Kampf gegen Kindesmissbrauch „Die Hälfte der Täter ist nicht pädophil“

Interview | Düsseldorf · Sexualisierte Gewalt gegen Kinder soll künftig als Verbrechen behandelt – und bestraft werden. Ändert das etwas? Ein Gespräch mit einer forensischen Psychiaterin.

 Sexualisierte Gewalt gegen Kinder wird von unterschiedlichen Tätertypen verübt. Nach einem neuen Gesetz sollen solche Taten künftig als Verbrechen, nicht mehr als Vergehen behandelt werden.

Sexualisierte Gewalt gegen Kinder wird von unterschiedlichen Tätertypen verübt. Nach einem neuen Gesetz sollen solche Taten künftig als Verbrechen, nicht mehr als Vergehen behandelt werden.

Foto: dpa/Julian Stratenschulte

Die Bundesregierung hat den Gesetzentwurf zur Bekämpfung sexualisierter Gewalt auf den Weg gebracht. Das Kabinett billigte die Vorlage von Bundesjustizministerin Christine Lambrecht (SPD), mit der Kindesmissbrauch künftig als Verbrechen mit einem Strafrahmen von einem Jahr bis zu 15 Jahren Freiheitsstrafe verfolgt wird. Bisher gilt der Missbrauch als Vergehen mit Freiheitsstrafe von sechs Monaten bis zu zehn Jahren. Auch Verbreitung und Besitz von Kinderpornografie sollen zum Verbrechen hochgestuft werden.

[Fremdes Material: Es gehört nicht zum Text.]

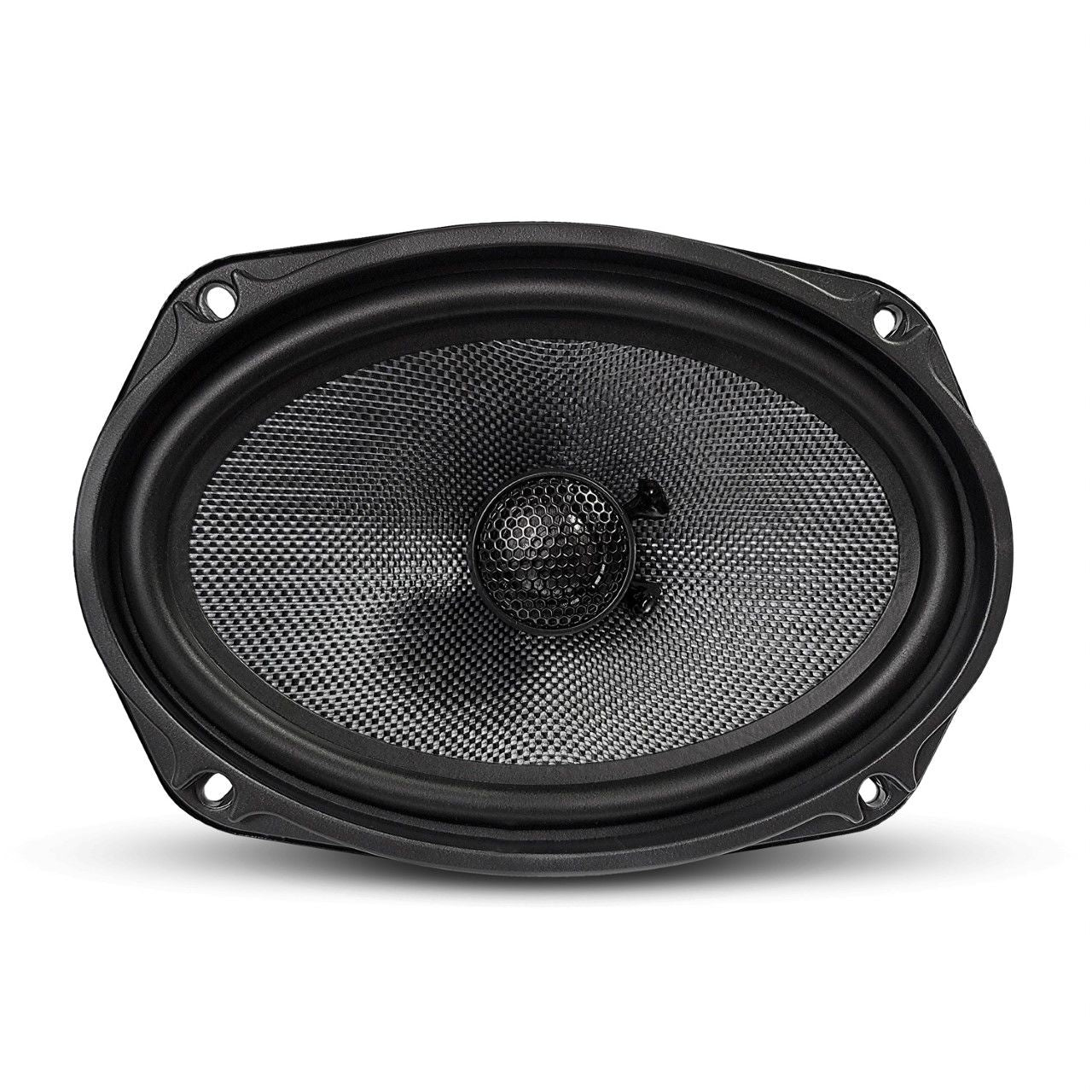 ATG ATG-TS692 - ATG Audio Transcend Series 6X9" Coaxial Speakers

Was bringen härtere Strafen?

Nahlah Saimeh Strafmaße festzulegen, ist Aufgabe der Juristen und nicht der Psychiatrie. Von daher kommentiere ich Strafmaße nicht. Seit den letzten 20 Jahren wird sexuelle Gewalt aber deutlich stärker bestraft. Das Problem sexueller Gewalttaten an Kindern erfordert aber mehr Anstrengungen.

Nämlich?

Saimeh Die Hälfte der sexuellen Missbrauchshandlungen mit Kindern werden gar nicht von Pädophilen begangen. Nur etwa 40 Prozent der Täter sind explizit sexuell ansprechbar durch kindliche Körper. Wir tun immer so, als ob die Täter völlig fremde, unbekannte Wesen sind.

Männer aus den Büschen.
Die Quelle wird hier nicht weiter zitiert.